Disk drive devices using various kinds of media, such as optical disks, magneto-optical disks, flexible magnetic disks, and the like have been known in the art. In particular, hard disk drives (HDDs) have been widely used as storage devices of computers and have been one of the indispensable storage devices for current computer systems. Moreover, HDDs have found widespread application to moving image recording/reproducing apparatuses, car navigation systems, cellular phones, and the like, in addition to the computers, due to their outstanding characteristics.
A magnetic disk used in an HDD has multiple concentric data tracks and servo tracks. Each servo track contains multiple servo data having address information and each data track includes multiple data sectors containing user data recorded thereon. Data sectors are recorded between servo data discrete in the circumferential direction. A head element portion of a head slider supported by a swinging actuator accesses a desired data sector in accordance with address information in the servo data to write data to and retrieve data from a data sector.
In order to increase the storage capacity of an HDD or to improve the reliability of an HDD, it has been proposed to determine a data track pitch for each head (each recording surface). Determination of the data track pitch so as to match head characteristics such as a read width or a write width leads to suppression of adjacent track interference (ATI) in data write and increase in data capacity per recording surface.
Two approaches have been proposed to adjust the data track pitch for each recording surface. One is a method to make servo tracks conform to data tracks and adjust the servo track pitch for each recording surface in the servo track write (refer to Japanese Patent Publication No. 2006-114142 “Patent Document 1”, for example). The other is a method to provide servo tracks with a common pitch to all recording surfaces and adjust the data track pitch for each recording surface.
In order to improve performance, a technique has been proposed that performs a head switch for every data track in sequential data write or data read. However, if the recording surfaces have different data track pitches, the head switch for every data track leads to degradation in performance. If the recording surfaces have different data track pitches, their respective data tracks show different radial positions even if their data track numbers are the same. Accordingly, a transition onto the same data track on another recording surface requires additional time for a head seek. To avoid the additional seek, a data track of close radial position must be found on the recording surface of the transition destination in every head switch. To this end, additional resources and time are required for this operation.
An effective approach to overcome this problem is a data track format in which a recording surface is constituted by multiple bands. Each band is constituted by multiple consecutive data tracks. Upon completion of an access to one data track, the HDD selects an adjacent data track in the same band as the next data track and switches heads at an end of the band. This reduces the number of head switches and suppresses increase in additional process time due to the head switches.

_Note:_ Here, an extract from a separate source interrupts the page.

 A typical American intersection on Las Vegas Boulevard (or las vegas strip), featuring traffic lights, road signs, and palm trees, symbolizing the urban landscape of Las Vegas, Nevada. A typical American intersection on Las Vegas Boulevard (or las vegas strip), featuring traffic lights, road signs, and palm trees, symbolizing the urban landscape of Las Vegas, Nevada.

In the above data track format, the switch destination in a head switch is a data track at a band end on another corresponding recording surface. Each recording surface has the same number of bands; each band on a recording surface has the same number of data tracks, too. Specifically, a resulting value of dividing the number of data tracks on a recording surface by the predetermined number of bands is set to the number of data tracks in each band.

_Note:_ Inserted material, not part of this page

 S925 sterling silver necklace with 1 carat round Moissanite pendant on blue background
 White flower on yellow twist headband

If the recording surfaces have invariable data track pitches, or if they have the same variation rate of the data track pitch in the radial direction, the radial positions of band ends are aligned as shown in FIG. 9(a). In the example of FIG. 9(a), all recording surfaces corresponding to four heads are divided into 1,500 bands each. The squares represent bands and the number in each square represents the number of data tracks in the band. On each recording surface, the number of data tracks in a band is invariable. Among the recording surfaces, the number of data tracks in a band on a recording surface is different from the one on another recording surface. If the variation rates of the data track pitches in the radial direction are the same, the radial positions of the band ends align with each other even if the recording surfaces have different total number of data tracks. Accordingly, the HDD can access the target data track quickly in a head switch.

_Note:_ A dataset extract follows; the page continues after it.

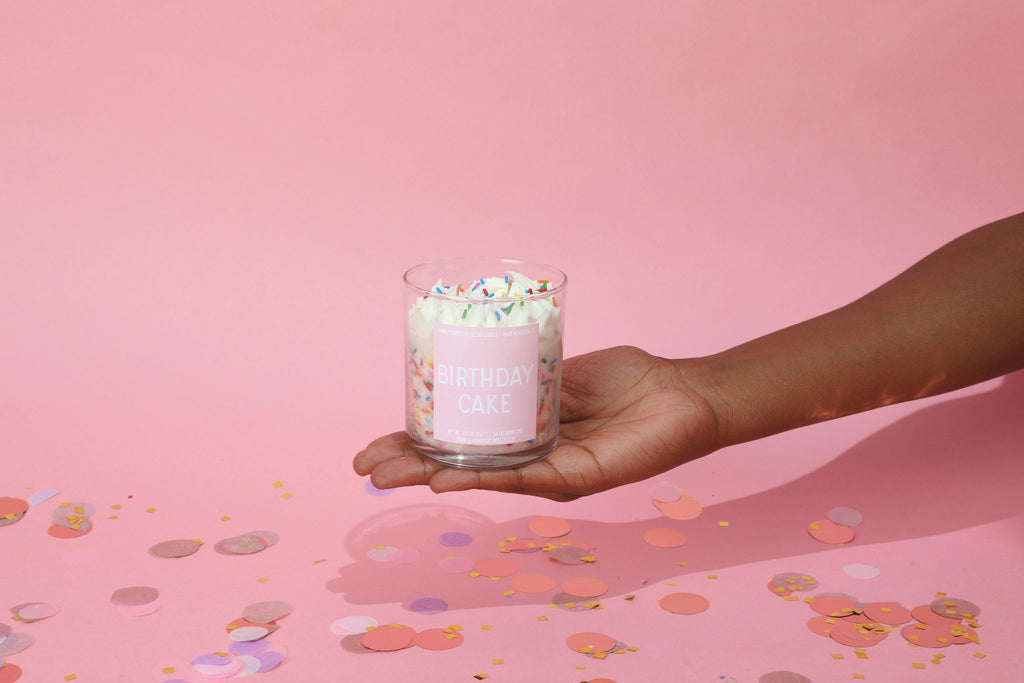 Hand holding a pink candle with sprinkles against a pink background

On the other hand, if the recording surfaces (heads) have different variation rates of the data track pitch in the radial direction, the radial positions at the band ends do not align among the recording surfaces. FIG. 10 shows an example of measurements of the magnetic core width (MCW), i.e., the magnetic write width of each head with respect to the radial direction. The X axis represents servo tracks, and the Y axis represents the data width in writing the servo track in the unit of PES. It will be understood that the variation rates of the data track pitches significantly differ depending on the head. In this way, if the variation rates of the data track pitches are significantly different depending on the head, the differences between the band ends in the radial position become large among the recording surfaces so that efficient head switches cannot be performed. Therefore, an HDD having different increasing or decreasing rates of the data track pitch in each head requires a data track format which can accommodate the differences in head characteristics and achieves efficient head switches.